SA delays comment on fee hike
February 9, 1993
Student Association officials are not making a formal statement about their views concerning the athletic department’s proposed student fee increase, but some might be leaning toward an increase.
The proposed fee increase would raise student fees $4.01 per credit hour by 1998. The average student taking 15 hours would pay an additional $60.15 by 1998.
SA President Paul Middleton said he would not issue an opinion on whether the student fee increase should be approved until both sides are presented at the SA’s next meeting.
Middleton said he would wait to get input from the senate before he could form an opinion. However, SA sources say Middleton is supporting the increase and has known about the proposal for at least a month.
Middleton denied knowing about the proposal or already formulating an opinion. Middleton, however, served on the athletic committee, which is a subcommittee of the President’s Fee Study Committee, where the proposal first came out.
Intercollegiate Athletic Director Gerald O’Dell said the subcommittee first met to discuss athletic funding Dec. 9, 1992. O’Dell said the subcommittee has been meeting for several months.
Other members of the subcommittee include Vice President for Finance and Planning Eddie Williams, O’Dell and Associate Vice President for Business and Operations Patricia Hewitt.
O’Dell and Williams have expressed support for the proposed fee increase.
“There are two sides of the coin,” Middleton said. “I don’t want to see students’ fees increase, but I don’t want to see us go to Division III or lose the athletic program.”
Dropping the football team a division lower would save money, and its playing schedule would become significantly easier.
“It’s hard to see $1.7 million eaten by the students,” Middleton said.
Student Regent John Butler also said he would not make a judgement concerning the fee increase because he will represent whatever decision the senate makes at the next Board of Regents meeting. The fee increase must be approved by NIU President John La Tourette as well as the Regents.

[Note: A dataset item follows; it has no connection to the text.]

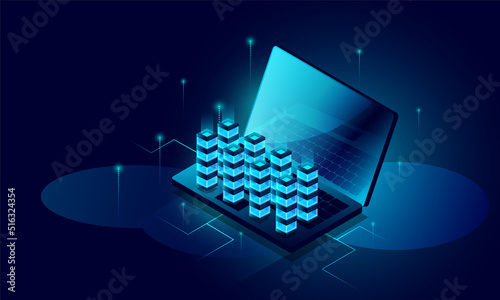 Laptop analysis processing. cloud services concept, file backup and saving, copy of file structure isometric vector , Database.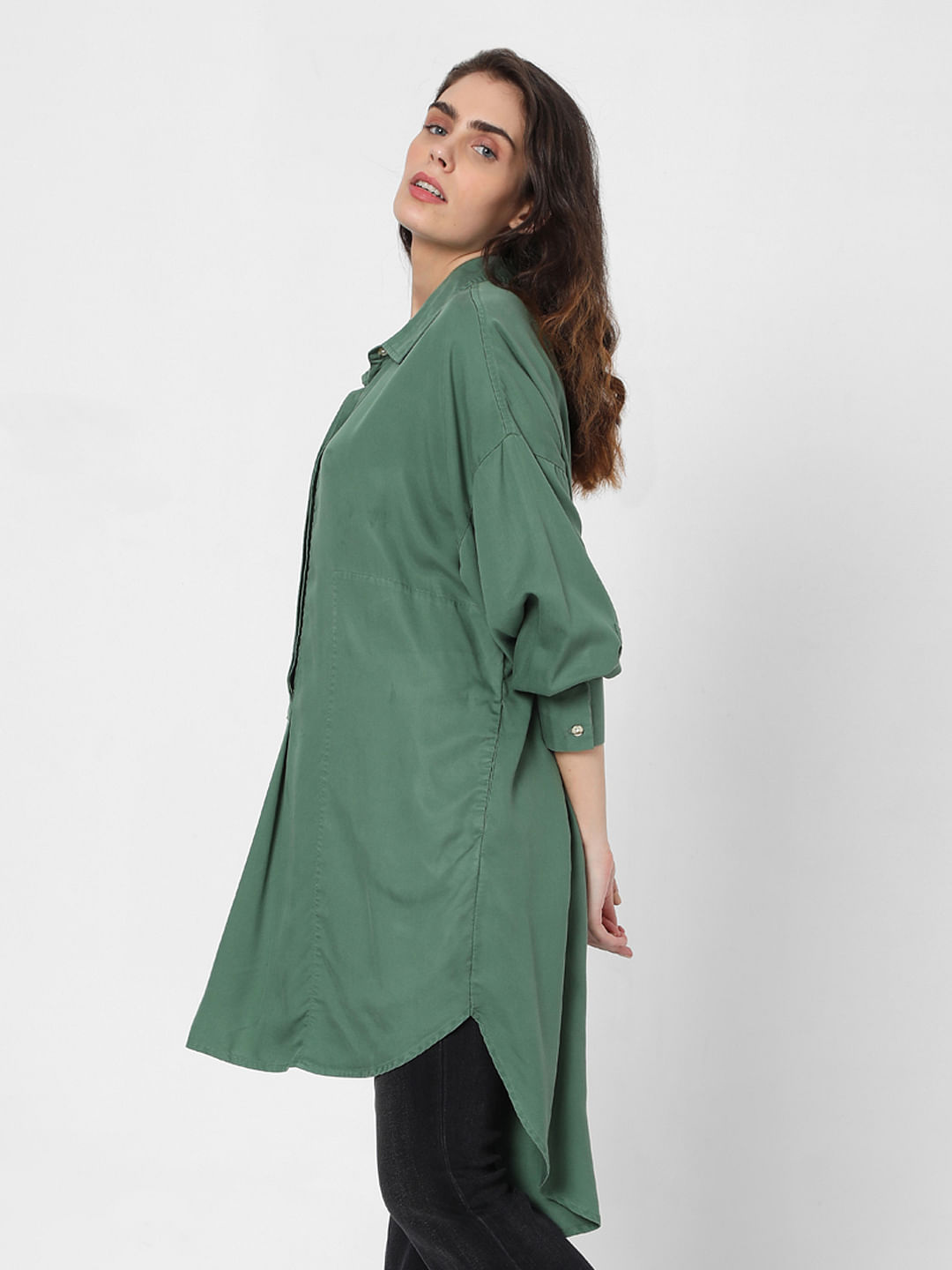 Buy Green Tunic Shirt Online In India.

Butler did express concern about the proposal. “I am concerned about where the general revenue funds are going to go,” he said. Butler said he would need “assurance” that the funds will go to the five allotted areas that are spelled out in the fee proposal.
The five areas the fee increase supposedly would benefit are “additional sections for high demand courses, improved advising services for all students in the university, faculty salary increases, an increase in the availability of computer laboratories and more workstations in the library for student use,” the proposal states.
However, Butler previously said if push came to shove and a choice had to be made between academic programs and NIU’s athletic program, he would rather see the athletic program cut than academics.
Butler said he believes “students have to share some of the burden,” but they already “are taking on a big burden with the tuition increase.”
SA Treasurer Tony Lopykinski said both sides of the argument will be represented at the SA meeting. Williams and O’Dell are scheduled to address the senate.
The SA meeting will be at 5:30 p.m. Sunday in the Clara Sperling Sky Room at the Holmes Student Center.